COMPMID-1406: Refactor gemm_interleaved to use our own types and scheduler

- Ported PrepareB kernel from gemm_interleave
- Ported TransformA feature from gemm_interleave
- Allocate reshaped a and b buffers
- Added memory_manager / memory_group
- MatrixMultiply kernel
- Interleave kernels execution.
- Fixed a few bugs: all nightly Convolution tests passing for threads=1
and threads=4
- Added Doxygen documentations and comments in the code
- Added support for all data types supported

Change-Id: Iffa1c09fda0bb9c61213bb83524d5a48e7ecb03c
Reviewed-on: https://eu-gerrit-1.euhpc.arm.com/141281
Tested-by: Jenkins <bsgcomp@arm.com>
Reviewed-by: Georgios Pinitas <georgios.pinitas@arm.com>
diff --git a/src/runtime/NEON/functions/NEGEMMAssemblyDispatch.cpp b/src/runtime/NEON/functions/NEGEMMAssemblyDispatch.cpp
index f17da7d..8ba620f 100644
--- a/src/runtime/NEON/functions/NEGEMMAssemblyDispatch.cpp
+++ b/src/runtime/NEON/functions/NEGEMMAssemblyDispatch.cpp
@@ -24,9 +24,13 @@
 #include "arm_compute/runtime/NEON/functions/NEGEMMAssemblyDispatch.h"
 
 #include "arm_compute/core/CPP/Validate.h"
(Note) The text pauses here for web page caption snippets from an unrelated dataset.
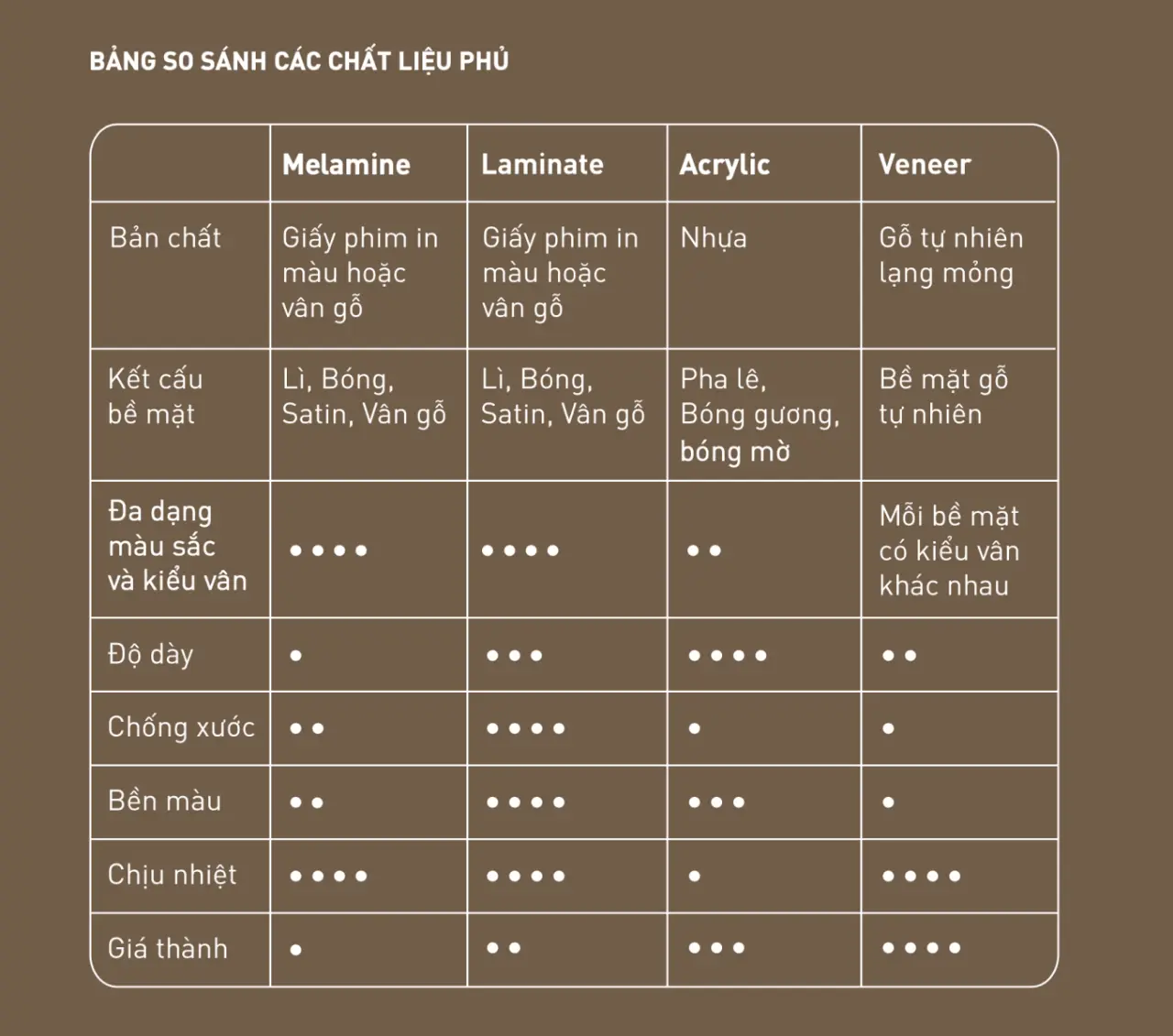 Bảng so sánh các chất liệu phủ bề mặt qua nghiên cứu của Flexfit - Thương hiệu may đo nội thất gỗ công nghiệp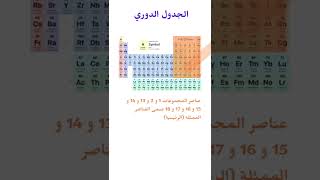 رموز العناصر الكيميائية وأقسام الجدول الدوري فلزات لا فلزات أشباه فلزات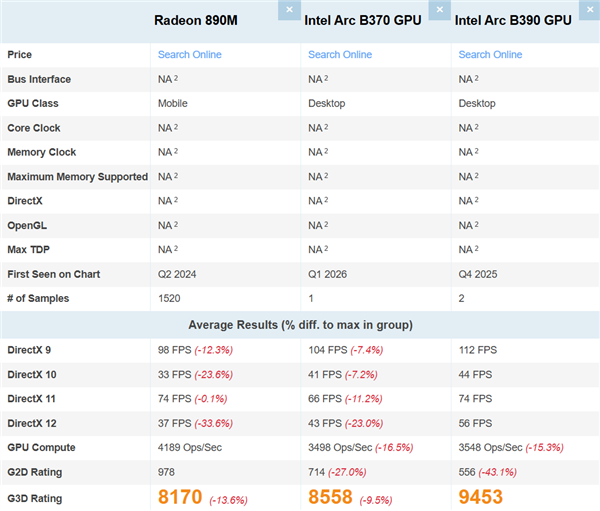 Intel主流锐炫B370核显跑分首曝！性能力压AMDRadeon890M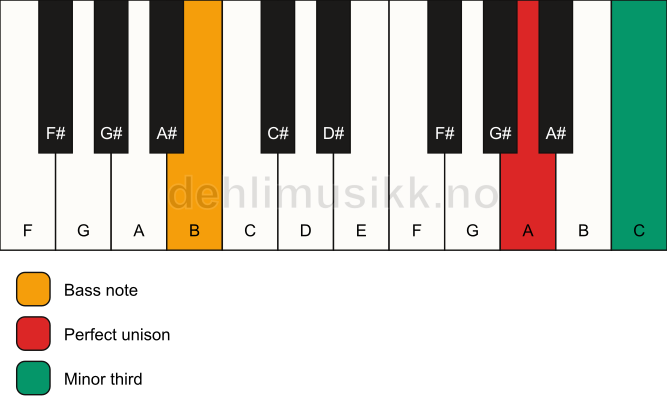 Piano keyboard showing the notes for a A m3/B chord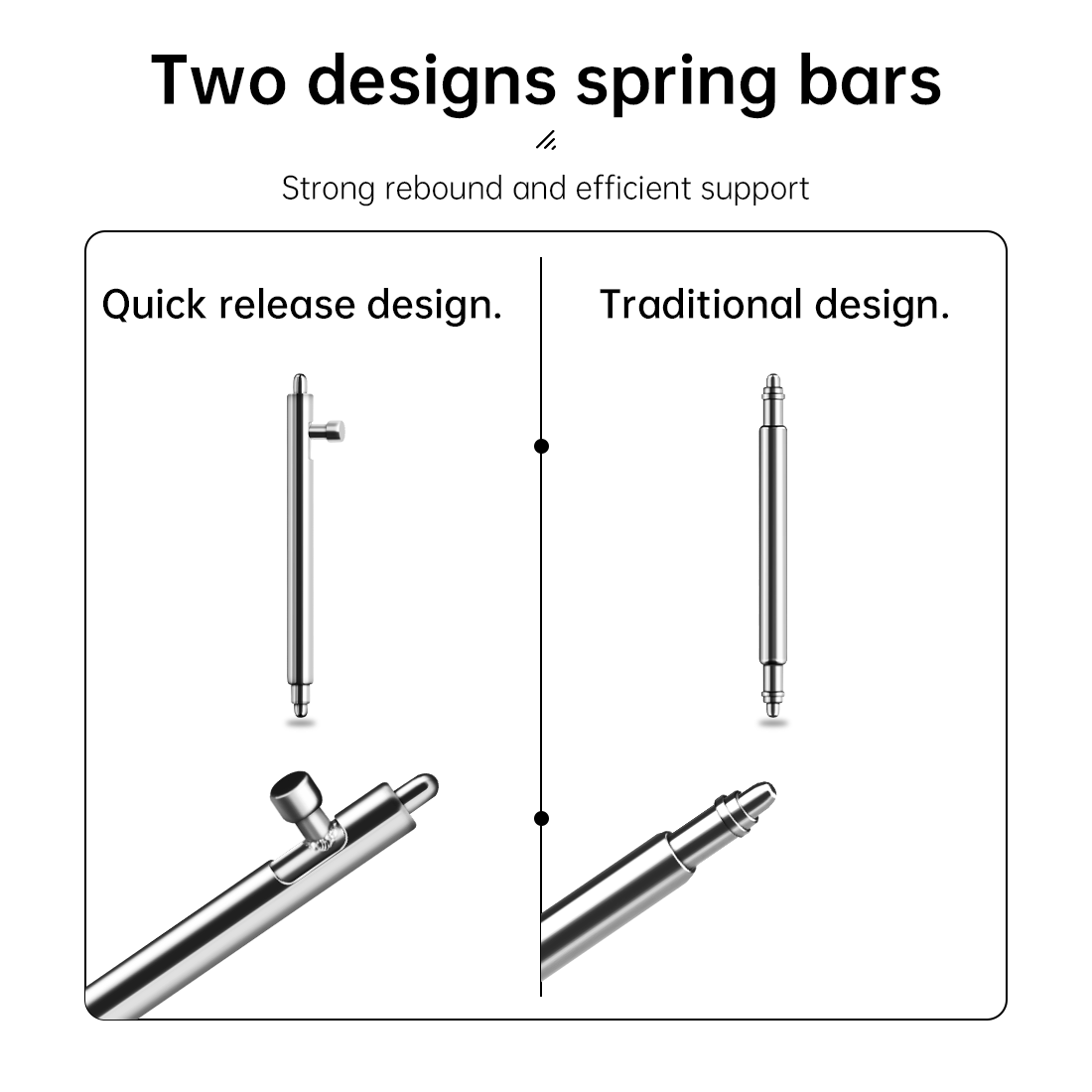 Maikes Barra a molla per orolo - Leather Strap Quick Release recensione e prezzo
+#include "arm_compute/core/NEON/kernels/assembly/NEGEMMInterleavedMatrixMultiplyWrapper.h"
+#include "arm_compute/core/NEON/kernels/assembly/NEGEMMInterleavedPrepareBWrapperKernel.h"
+#include "arm_compute/core/NEON/kernels/assembly/NEGEMMInterleavedTransformAWrapper.h"
 #include "arm_compute/core/NEON/kernels/assembly/NEGEMMNativeWrapperKernel.h"
 #include "arm_compute/runtime/NEON/NEScheduler.h"
 #include "arm_compute/runtime/NEON/functions/NESimpleAssemblyFunction.h"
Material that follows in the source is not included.